> Task item
For this listing, reproduce the line with "Michigan Football National Champs Banner…", the line with "KIA Sorento 2.4l", and the lines between, exactly as they stand. Leave out pictures and all other lines.

> Given entries

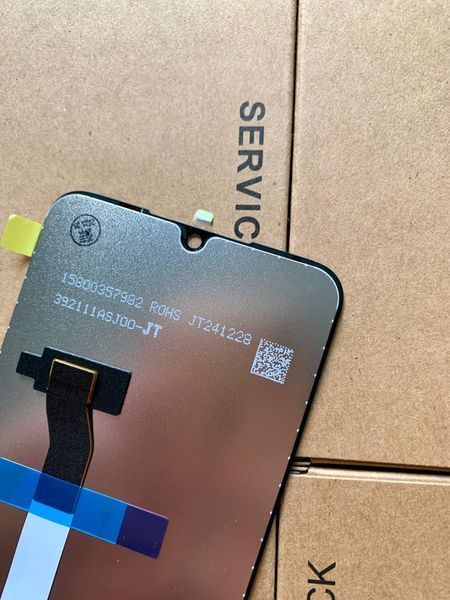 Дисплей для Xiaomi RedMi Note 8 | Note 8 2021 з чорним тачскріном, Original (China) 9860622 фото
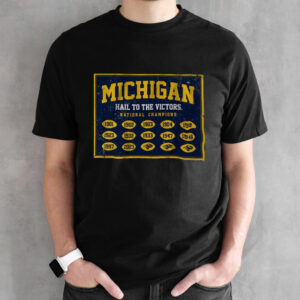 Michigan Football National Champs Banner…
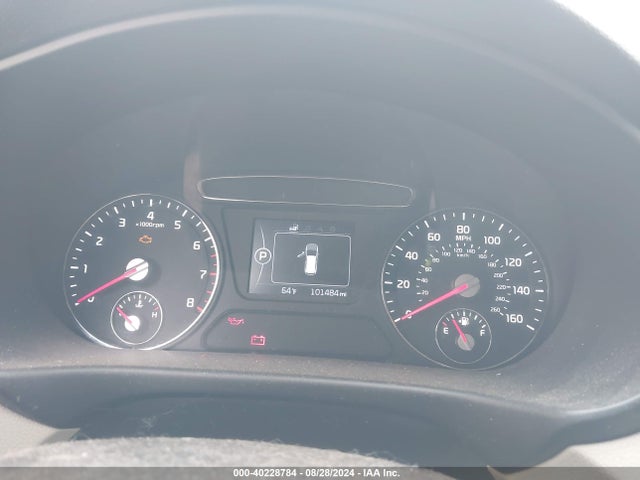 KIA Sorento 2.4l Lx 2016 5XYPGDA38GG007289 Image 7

==

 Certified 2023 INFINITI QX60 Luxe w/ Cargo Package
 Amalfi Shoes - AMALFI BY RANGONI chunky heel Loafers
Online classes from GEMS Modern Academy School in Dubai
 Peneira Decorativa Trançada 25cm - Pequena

* * *

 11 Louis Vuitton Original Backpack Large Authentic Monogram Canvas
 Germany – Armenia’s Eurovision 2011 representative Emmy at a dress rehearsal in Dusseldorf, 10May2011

> Finished exercise
 Michigan Football National Champs Banner…
 KIA Sorento 2.4l Lx 2016 5XYPGDA38GG007289 Image 7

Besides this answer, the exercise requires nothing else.